Now it’s looking to stamp its authority on the future of mine discovery.
So how does the company intend to achieve this?
According to KoBold, the Californian-based explorer has built up an enormous geological database that includes geologic reports, soil samples, drilling results, satellite imagery, and academic research papers.
Apparently, they’ve even been able to feed handwritten field notes and sketches written by geologists decades ago into the AI’s brain network.
The data is then run through the AI machine, which spits out the approximate location for the next major discovery.
So, is tech on the edge of transforming mineral exploration?
At first glance the ideas look ‘innovative’…
In reality, though, it’s just a reworking of how mineral discovery has always taken place.
For decades, geologists have trolled through all this data to find clues.
While it’s certainly time intensive, it’s an important part of the discovery process.
Spending months going through historical records, visiting geologists from other sites, finding old drill core stored away in hidden sheds for decades, all form the backstory in major breakthroughs that ultimately led to discovery.
Analytical data, from which algorithms make their predictions, is only part of the equation in mineral exploration.
Geologists venture into the field, look at the rocks on the ground, analyse previously drilled core, and seek out specialised consultants to narrow down their targets before bringing in expensive drill rigs.
While AI might be able to spit out this information in an instant, draw the X on the map, and give computer scientists a signpost as to where they should dig, it’s missed the most important part of the discovery process…
…the human factor.
Why is that important in mineral exploration?

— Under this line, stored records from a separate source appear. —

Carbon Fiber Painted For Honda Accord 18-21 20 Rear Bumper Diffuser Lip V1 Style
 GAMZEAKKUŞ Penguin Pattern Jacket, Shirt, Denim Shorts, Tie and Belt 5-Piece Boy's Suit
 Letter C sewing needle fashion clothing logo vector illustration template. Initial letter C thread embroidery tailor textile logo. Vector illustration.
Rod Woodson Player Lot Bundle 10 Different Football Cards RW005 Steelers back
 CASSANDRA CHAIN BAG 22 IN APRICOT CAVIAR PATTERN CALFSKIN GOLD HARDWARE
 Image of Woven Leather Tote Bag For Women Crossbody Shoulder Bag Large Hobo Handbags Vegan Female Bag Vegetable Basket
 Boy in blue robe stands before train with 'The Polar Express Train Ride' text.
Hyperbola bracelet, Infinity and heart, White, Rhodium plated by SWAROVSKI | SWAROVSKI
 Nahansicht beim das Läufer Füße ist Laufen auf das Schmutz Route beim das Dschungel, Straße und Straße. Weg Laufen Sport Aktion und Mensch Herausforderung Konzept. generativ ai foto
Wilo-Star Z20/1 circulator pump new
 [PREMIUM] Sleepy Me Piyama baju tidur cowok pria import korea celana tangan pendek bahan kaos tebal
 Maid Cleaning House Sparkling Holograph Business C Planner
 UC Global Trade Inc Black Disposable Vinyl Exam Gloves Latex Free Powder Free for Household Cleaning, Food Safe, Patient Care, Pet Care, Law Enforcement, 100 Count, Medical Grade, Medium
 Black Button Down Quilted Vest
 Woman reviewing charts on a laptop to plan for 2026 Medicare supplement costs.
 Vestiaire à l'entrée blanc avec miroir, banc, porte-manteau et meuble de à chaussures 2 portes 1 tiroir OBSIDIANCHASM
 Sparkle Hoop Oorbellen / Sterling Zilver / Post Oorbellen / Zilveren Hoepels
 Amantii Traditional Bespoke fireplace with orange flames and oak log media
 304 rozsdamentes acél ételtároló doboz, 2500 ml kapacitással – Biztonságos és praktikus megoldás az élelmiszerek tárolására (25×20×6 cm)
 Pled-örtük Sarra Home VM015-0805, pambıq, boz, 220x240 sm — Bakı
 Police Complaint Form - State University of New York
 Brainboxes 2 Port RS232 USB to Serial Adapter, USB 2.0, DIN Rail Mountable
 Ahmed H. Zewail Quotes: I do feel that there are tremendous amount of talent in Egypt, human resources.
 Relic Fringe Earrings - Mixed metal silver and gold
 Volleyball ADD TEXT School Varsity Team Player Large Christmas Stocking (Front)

Ask any geologist that’s been involved with major discovery, and you’ll soon learn that a large part of the success came down to intuition.
According to Cambridge’s definition of the term:
‘An ability to understand or know something immediately based on your feelings rather than facts. Often there’s no clear evidence one way or the other and you just have to base your judgment on intuition.’
The ability to understand something instinctively, without the need for conscious reasoning, comes through years of scouting rocks in the field, attending conferences, making mistakes, and then applying all those learned experiences to the data at hand.
Importantly, too, unlike mathematics or engineering, geology is a VERY inexact science.
The geological conditions that existed over one project rarely mirror those on other sites.
Nature is far too variable to plug into an algorithmic model.
Some exploration geologists have described their work as blend between art and science…enormous imagination and an ability to think outside the box, venturing where others have never gone before, is the key to discovery.
Thinking ‘outside the square’ is not within the realms of AI…
It’s why the human factor will always lead discovery.
Of course, technology has its place…the industry already uses advanced software to build geological models and geophysics that fire electrical impulses into the ground.
Variations in the bedrock offer clues as to what lies below.
But despite the importance of technology, geological experience will always be key.
While I may be biased, I don’t believe a well-qualified expert with a PhD in ‘machine learning’ operating exploration programs from Silicon Valley will be the answer in this coming critical metal shortage.
Correct application of the right technologies, seeking expertise, and long, hard years of field experience have given some exploration geologists the uncanny ability to intuitively find new ore deposits.
It’s why the skill of management ranks highly in my stock selection criteria.
Certain explorers have discovery in their blood, and it pays to KNOW who those people are.
You see, geology is a strange profession. Many experienced geologists can move through a 40-year career without a single discovery under their belt.
Yet others have an uncanny knack of finding not one, but multiple discoveries.
Unfortunately, though, that type of expertise is rapidly declining…the baby boomer era of geologists, responsible for much of the world’s discovery of current producing mines, are on the precipice of retirement.
A large gap was left in the industry following the mass layoff’s that occurred from 2013–19, where the next generation of geologists left the industry.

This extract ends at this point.